The incorrect information about the scientific and technical work of Guglielmo Marconi has very deep roots. It began in fact when the newspapers published that in England a young Italian had invented a new system of wireless communication using electric waves.
The news, disclosed without providing any technical detail, caused the immediate objection of scientists who, according to the dominant scientific theories, argued that the electric waves, discovered a decade earlier by German physicist Heinrich Hertz, could not allow the development of any system of wireless telegraphy because, acting as optical radiation, they were propagated only on straight paths without natural obstacles.
To create wireless telegraphy with electromagnetic waves that could be propagated at a distance ‒ even overcoming natural barriers and the curvature of the earth ‒ it was necessary to use those that could be generated and received only through the devices invented and patented by Marconi.
Marconi's original wireless consisted in fact of a radiator transmitter equipped with physical dimensions and electrical characteristics completely different than Hertz's radiator known as dipole, and a real receiver that could decrypt and print a message in Morse code, at distances greater than those attainable by a voice amplified by a megaphone.
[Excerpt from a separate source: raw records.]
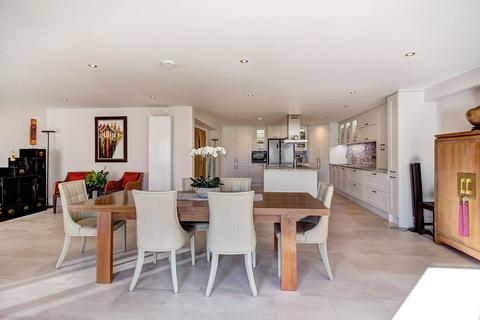 8, Picton Barns Ash Hey Lane, Picton, Chester, CH2 4HD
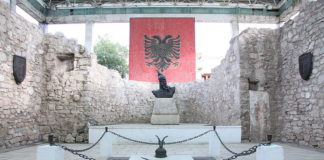 Nis puna për restaurimin e Memorialit të Skënderbeut
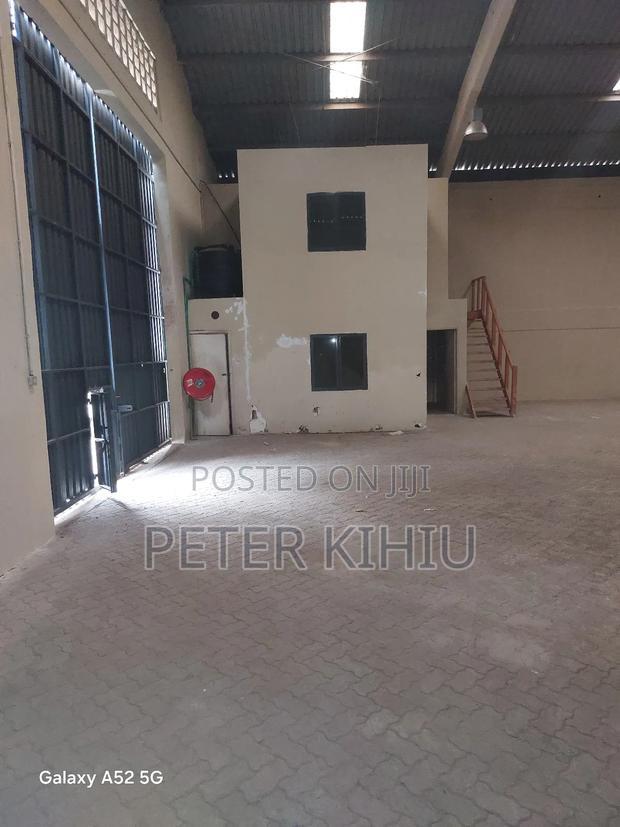 Godown to Let 8000sqft Off North Airport Road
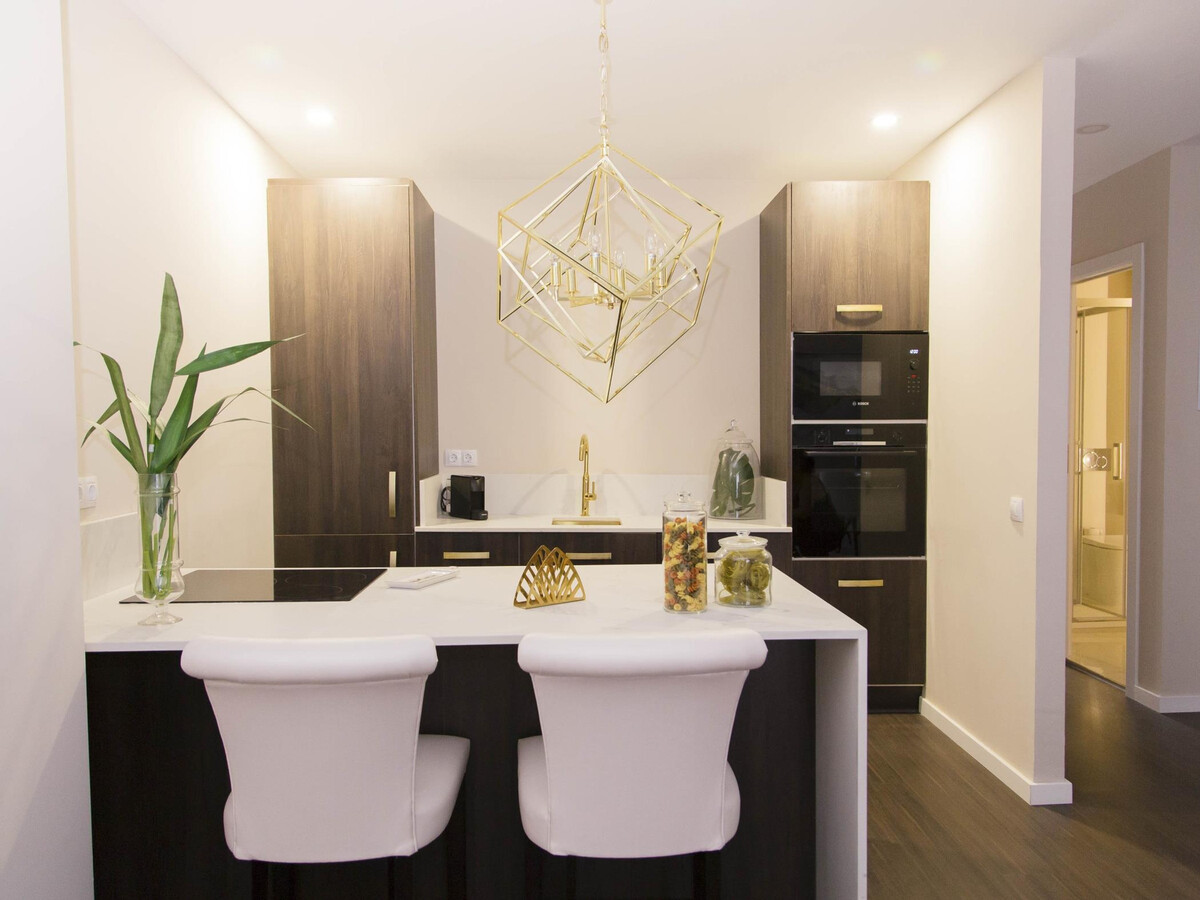 Appartement élégant au centre-ville avec Wi-Fi et climatisation - Photo 9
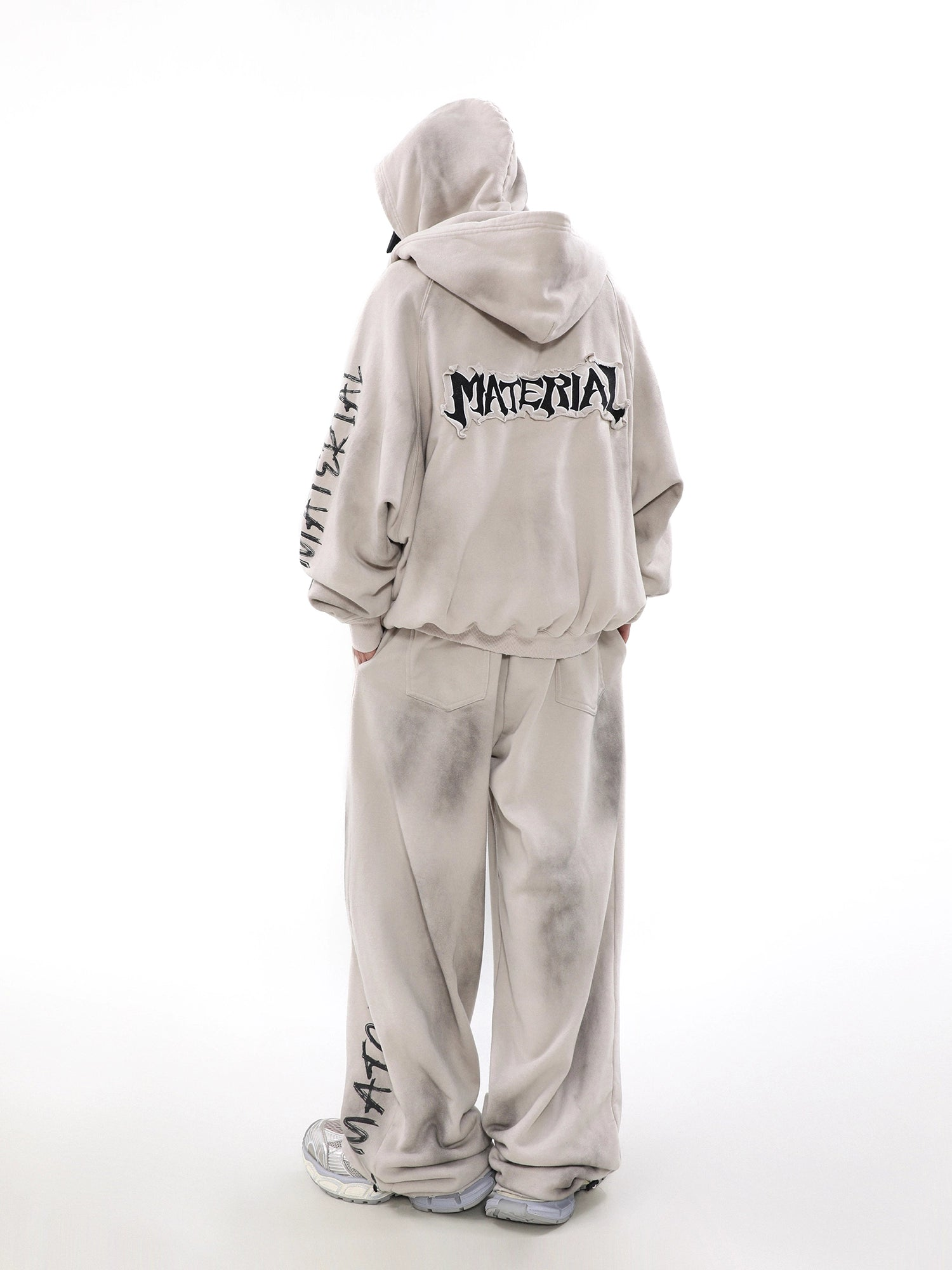 Ensemble sweat à capuche zippé surdimensionné à patch graffiti et pantalon de survêtement large à motif graffiti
The only transceiver radio system that obtained this result was patented by Guglielmo Marconi, in London, June 2nd, 1896. Marconi patented his invention in England because only in that country, thanks to the favourable presence of his mother’s influential relatives, he could hope to find the necessary financial resources to extend the patent in major countries around the world.
In Italy, because of his young age and his lack of formal training, what he proposed would have been considered the product of the exuberant imagination of a young man.
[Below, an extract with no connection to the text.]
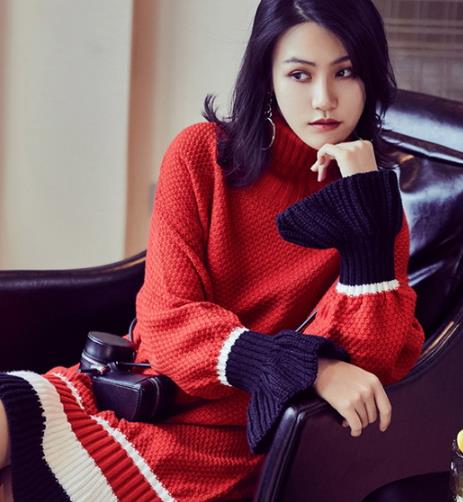 镂空针织衫配搭牛仔裤：散发冬季迷人气息（图）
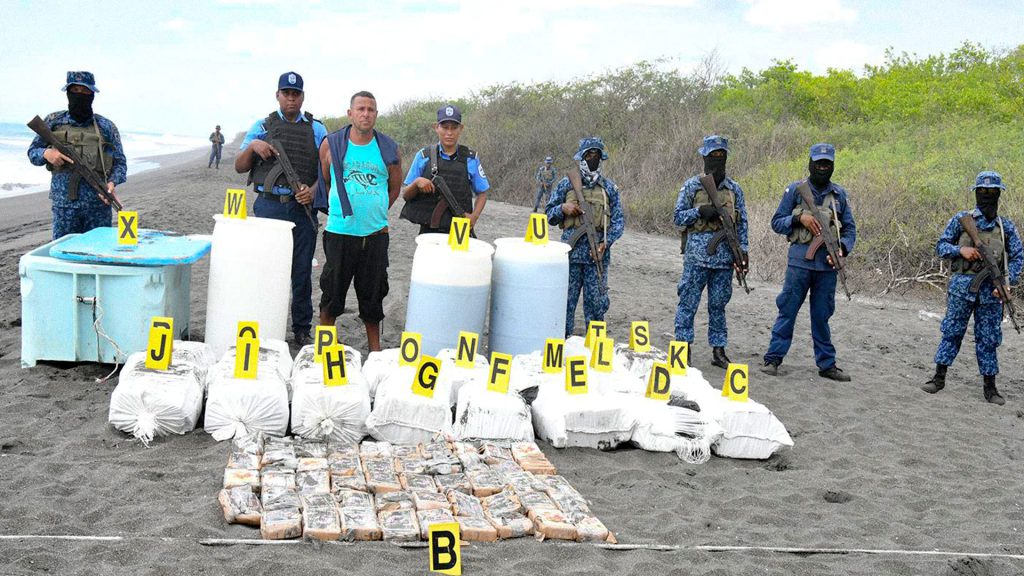 Ejército de Nicaragua presenta paquetes de cocaína incautados en un operativo en el Pacífico.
In London, Marconi was instead able to find the money necessary to patent his invention immediately, set up an industrial company to develop the first two-way radio, and found a school, known as Marconi's College to provide the necessary engineering training a specialization in the new art of radio communications.
It was in fact an art which had not yet been contemplated at university, and when we think that Marconi at age twenty-two, in an incredibly short time succeeded in achieving the goals he had set up from the beginning, with a clear and strong vision, you cannot help but feel admiration and amazement. In 1899, only three years after obtaining the patent, the navy of the United States of America, one of the most technologically advanced in the field of electrical applications, invited Marconi to present on some warships practical demonstrations of wireless telegraphy.
This fact is of incalculable historical value because it is the irrefutable proof that, three years after obtaining the patent, the radio was only in the hands of those who had invented it: otherwise American engineers would have developed it without the need for scientific and technical advice from a young twenty-five year old foreigner. If we want to avoid the continued distortion of the historical truth about the authorship of the radio in so much documentation, Web pages as well as radio and television broadcasts, an authoritative scientific institution should examine the historical records that have allowed the author to receive the honorary title of Marconist of the XXI Century.
In fact, after the end of World War II, the Academy of Sciences in Moscow ‒ without providing any valid historical document ‒ officially established that the radio had been invented by Russian physicist Aleksander Stepanovich Popov, on May 7th, 1895. No Italian academy of sciences has ever disputed this claim, designed for political reasons of prestige and propaganda by the past Soviet regime, and officially established that the invention of the radio belongs to Guglielmo Marconi.
To officially establish this fact on the occasion of World Radio Day would represent the best tribute paid to the memory of a great scientist, benefactor of all humanity. For this equally valuable work he has become a Citizen of the World.
Lodovico Gualandi recently published an essay entitled Marconi in Braille dedicated to all blind and visually impaired people who want to know the historical truth about the authorship of the radio, unjustly challenged in much print and electronic documentation. In the opinion of the Bolognese scholar, author of one of the most extensive research on the true origins of the radio, the reasons for the overwhelming success of the first Italian who was awarded the Nobel Prize in Physics are based on the originality and scientific importance of his equipment, while objections can be attributed to an incorrect interpretation, scientific and technical, of their actual functions.